Horowitz used the stage name Zach Avery and before his arrest had appeared in The Devil Below, a low-budget horror movie.
As Zach Avery, prosecutors wrote in a sentencing memorandum, Horowitz “portrayed himself as a Hollywood success story. He branded himself as an industry player, who, through his company…leveraged his relationships with online streaming platforms like HBO and Netflix to sell them foreign film distribution rights at a steady premium…But, as his victims came to learn, he was not a successful businessman or Hollywood insider. He just played one in real life.”
Horowitz was also ordered to pay $230,361,884 in restitution to his victims. Horwitz pleaded guilty in October 2021 to one count of securities fraud connected to his Ponzi scheme, which at its height had raised $650,000 million dollars, prosecutors said.
Over the course of about five years, Horwitz used his company – 1inMM Capital LLC, which purported to be a film distribution company – to solicit investors with false claims their money would be used to purchase regional distribution rights to films and then would generate profits by licensing the rights to online platforms such as Netflix and HBO.

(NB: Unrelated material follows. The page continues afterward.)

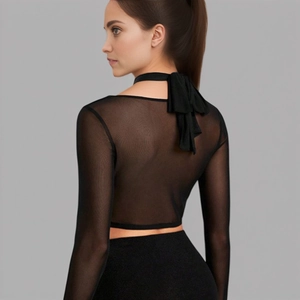 Black sheer mesh long sleeve crop top with halter neck tie back and slim fit design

Group of private investors began buying hundreds of six- and 12-month promissory notes with 1inMM Capital based on Horwitz’s statements. The funds supplied under each note were supposed to provide money for 1inMM Capital to acquire the rights to a specific film. The promissory notes guaranteed a specified payment on the specified maturity date, as well as the specified amount to be paid at maturity, which included investment returns ranging from 25 percent to 45 percent.”
Only Horowitz didn’t own the distribution rights to any of the films he sold interests in. He promoted his fake company by creating bogus emails and contracts to convince investors to stick with him.
Zach Avery’s IMDB page remains active with 15 credits for his roles in various independent films.